You should train the drives. You do this during the day by pointing the scope at a landmark, like a bolt on a telephone pole down the road.
You'll need a crosshair eyepiece. You'll center the object. The scope will move one direction in RA, you center it again, it'll move the opposite direction, you center it again. Then you do the dec. Same thing. The scope will move one direction, then the other, you center it again each time.
Training the drive will compensate for backlash in the gears.
First night out, you should calibrate the sensors. The scope will ask you to center Polaris. Use a lighted reticle to get Polaris centered. Don't guess.
I did not train the drive when I first used the scope. The GOTO accuracy was mediocre. The objects were close in the guide scope, but just outside the FOV or on the margin of it in a 12mm reticle.

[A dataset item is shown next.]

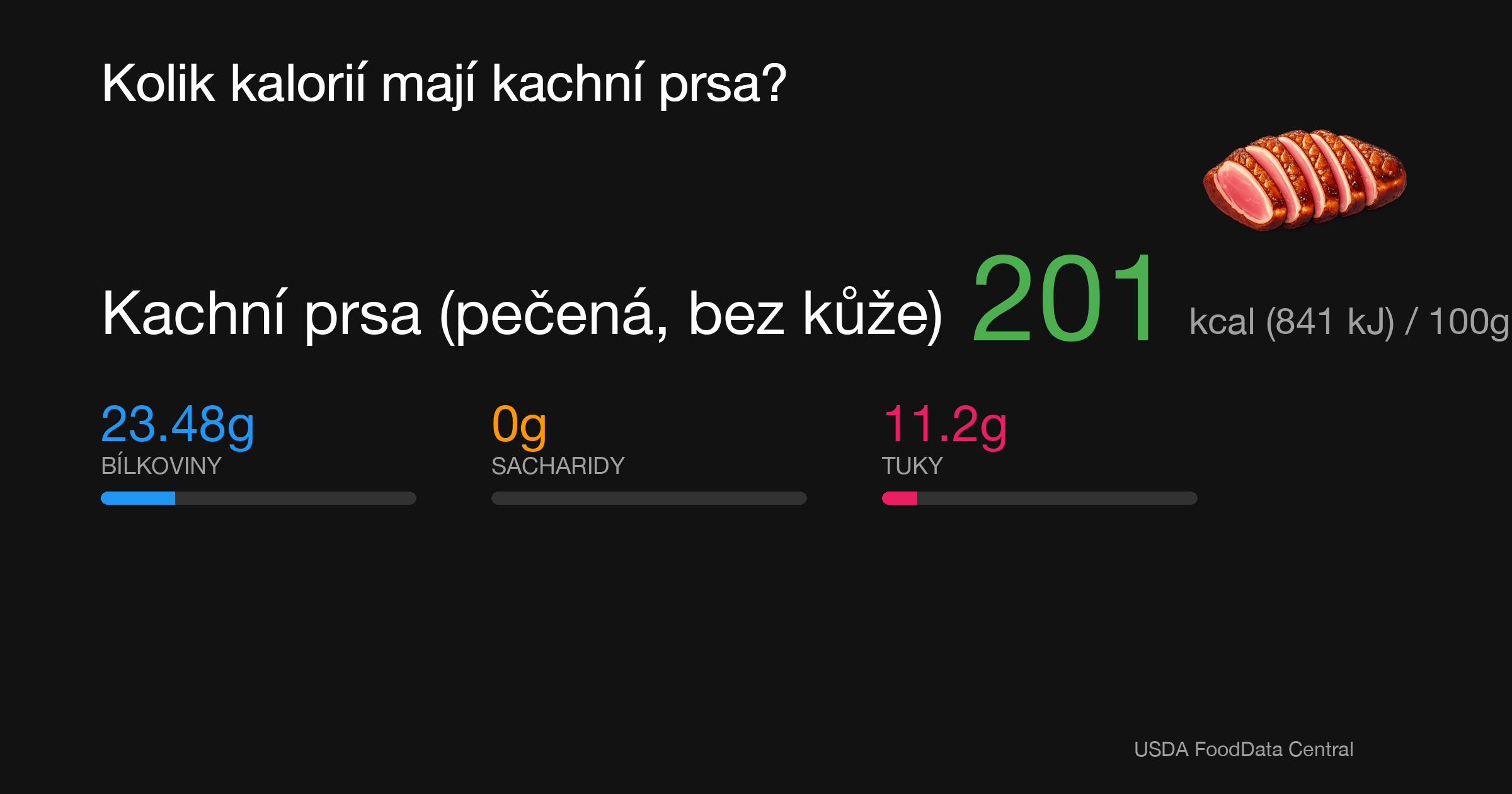 Kachní prsa (pečená, bez kůže): 201 kcal (841 kJ), Bílkoviny 23.48g, Sacharidy 0g, Tuky 11.2g na 100g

You should train the drives whenever the GOTO accuracy degrades. The manual recommends every 3 months or so. It's a separate operation from PEC corrections, BTW, and erases the PEC corrections. So, if you do astrophotography, you need to run PEC after you train the drives.
I'd train the drives at the same time you set the collimation on the finder scope, if I were you. It only takes a few minutes.
A couple gotcha's to pay attention to, when you get the scope. The microfocus motor directions are lousy.
First, the SCT adapter comes turned inside out in the back of microfocus adapter. Loosen the set screws on the retaining ring and remove it and the SCT adapter. Unscrew the SCT adapter and screw the retaining ring on the rear cell of the scope. Then attach the microfocuser.
When you set up the guide scope and train the drives, also plug in the microfocuser and adjust it so the draw tube extends about 1/4".
Enjoy your new scope!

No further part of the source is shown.